Jeremiah Moss's Vanishing New York is for anyone who has visited a city they used to love and found it changed beyond recognition, or even visited a city for the first time and found a succession of familiar storefronts where once a range of independent shops proliferated. The trend isn't new, but it's been on my mind since an article about a beloved grocery store closing in Le Marais, only for the space to reopen as a high-end lingerie store. Jeremiah Moss feels the pain of the Parisians bemoaning this turn of events.
Vanishing New York is a work to evoke sadness and anger in those who don't want to inhabit a cookie cutter world. Moss takes a deep dive into gentrification, public policy (especially the "tax breaks" that politicians like to hand out like candy), and corporate greed, while also laying a share of blame at those who want to play tourist - or up sticks and move somewhere new altogether - all while being able to eat and shop in the same places they know at home. In short, it's a depressing read laying bare a knot of problems, none of which has easy solutions. (It's all good and fine to exhort everyone to eat/shop local, but as Moss points out, in many cases corporations are going to great lengths to appear local, especially to those who aren't in the know.)
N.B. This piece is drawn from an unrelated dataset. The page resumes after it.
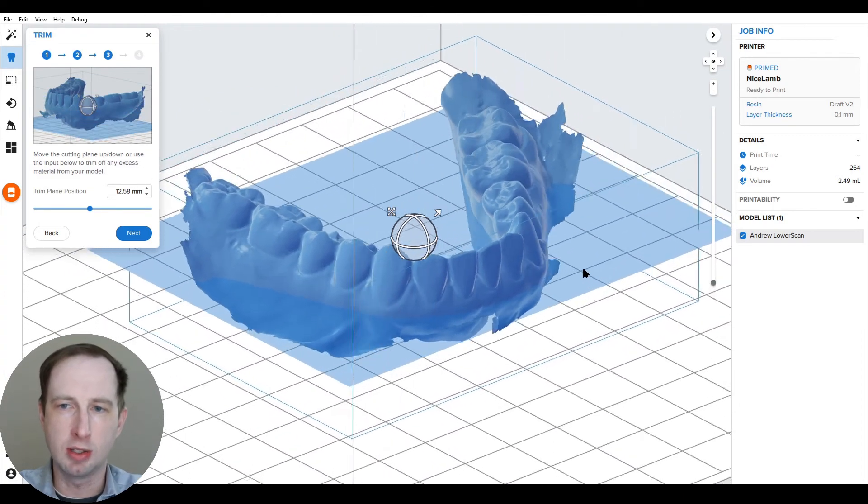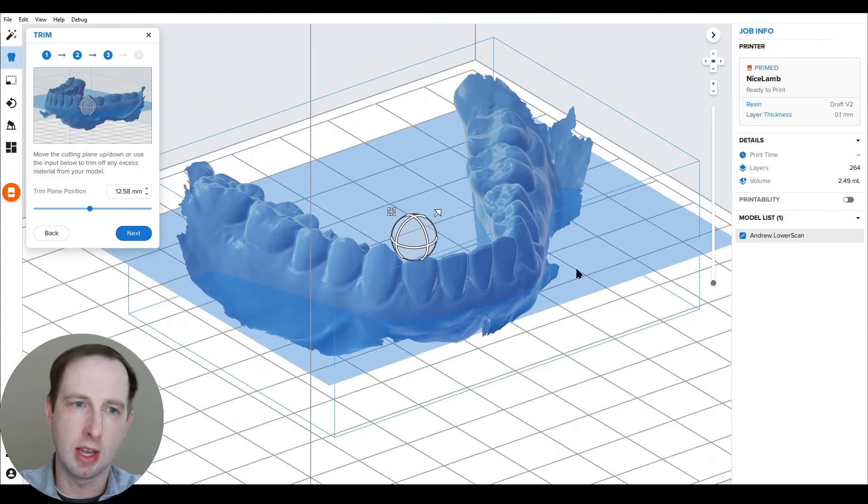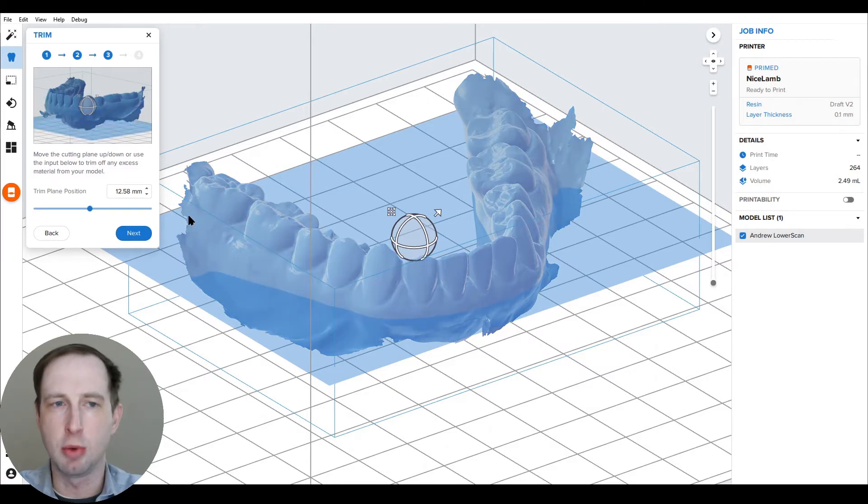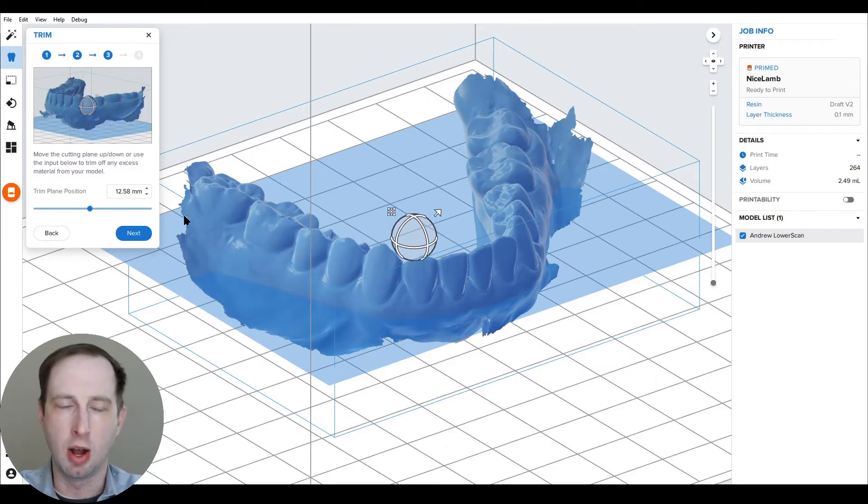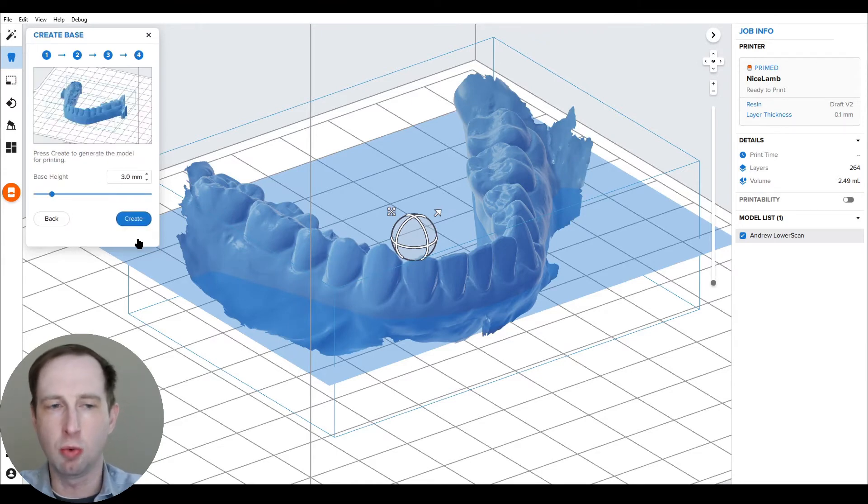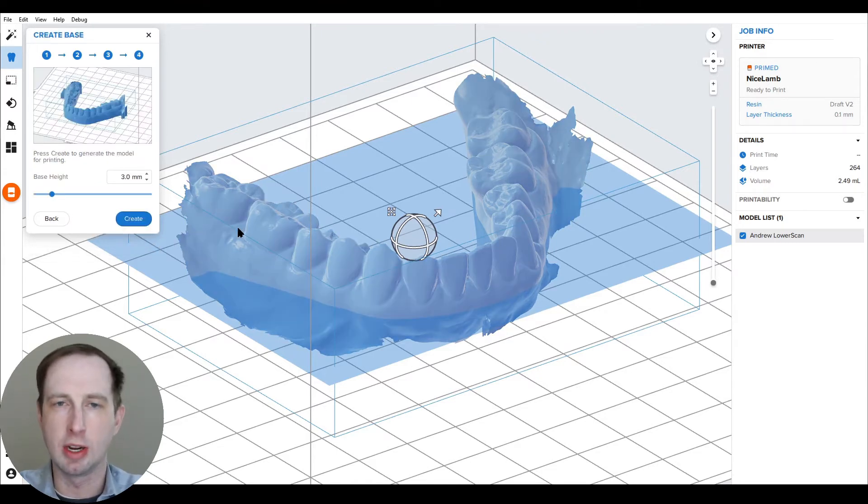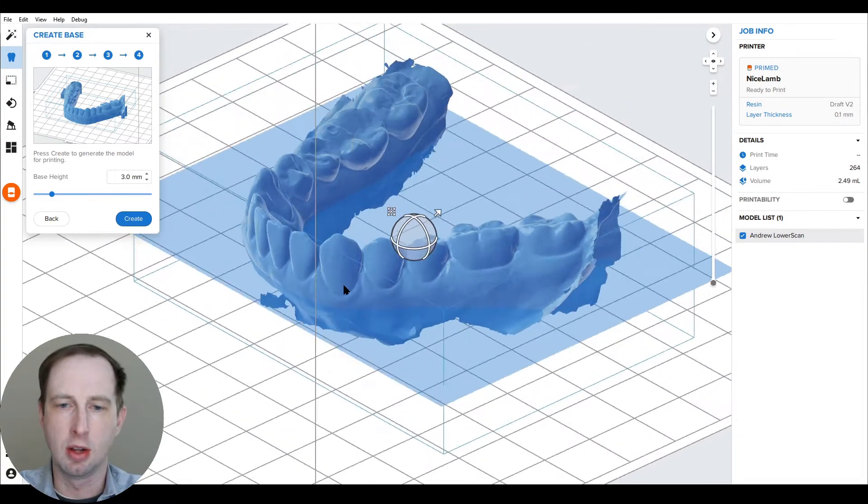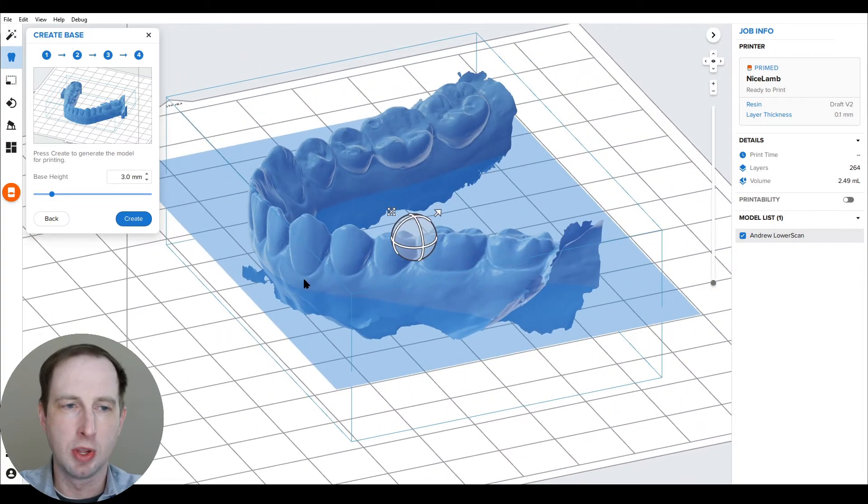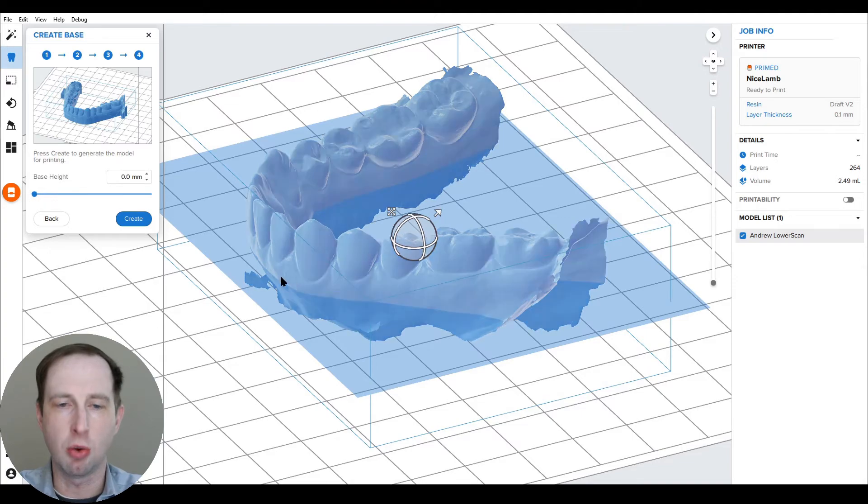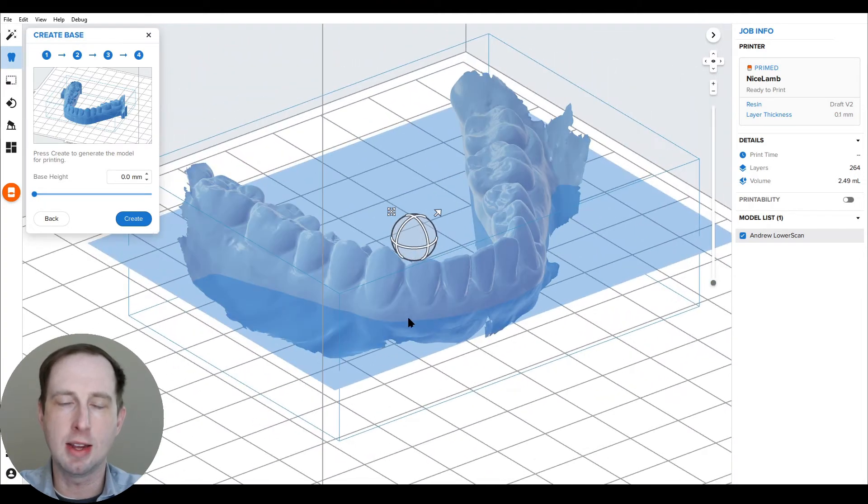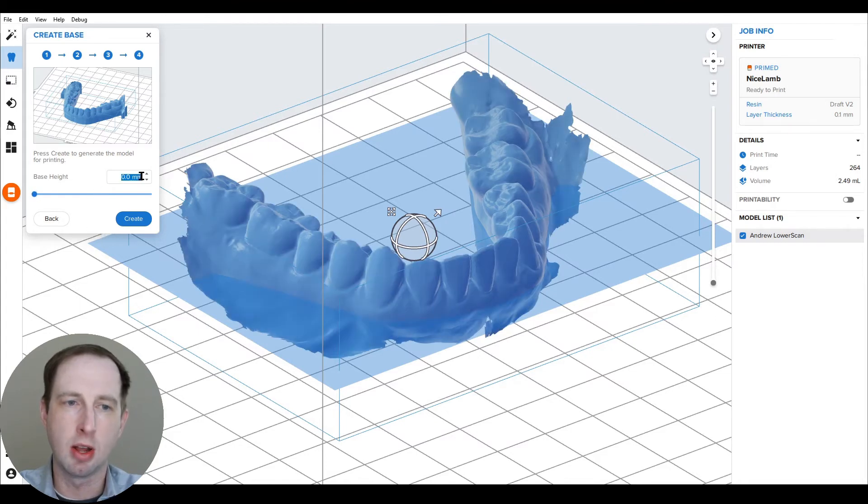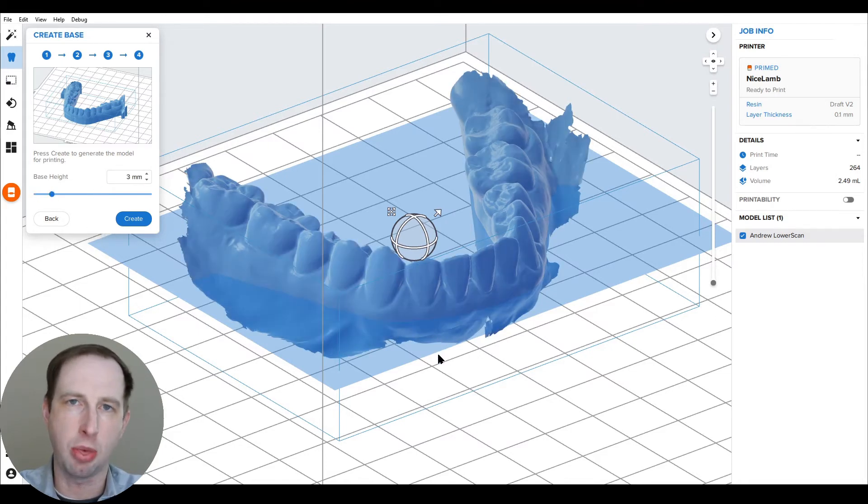If you wanted to keep all the scan data, you can leave this in the leftmost position or a zero value for the position, and it will just keep all the scan data. Trimming it will make a better looking base overall because it's a nice clean cut. Next is the base height. This is applying additional base thickness from the plane cut. If you type in three here, this is going to be from the plane cut down three more millimeters of model.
Moss devotes the most ink to the changes in Manhattan, from the Lower East Side to Greenwich Village to Harlem, and then dives into Brookyln before quickly looking at Queens and the Bronx. Staten Island doesn't merit a mention. Whether this is because the same forces aren't impacting it, or aren't impacting it yet, or Moss simply doesn't like it, I couldn't say, but my only quibble what that unexplained omission.
A well-written and depressing read. Five stars.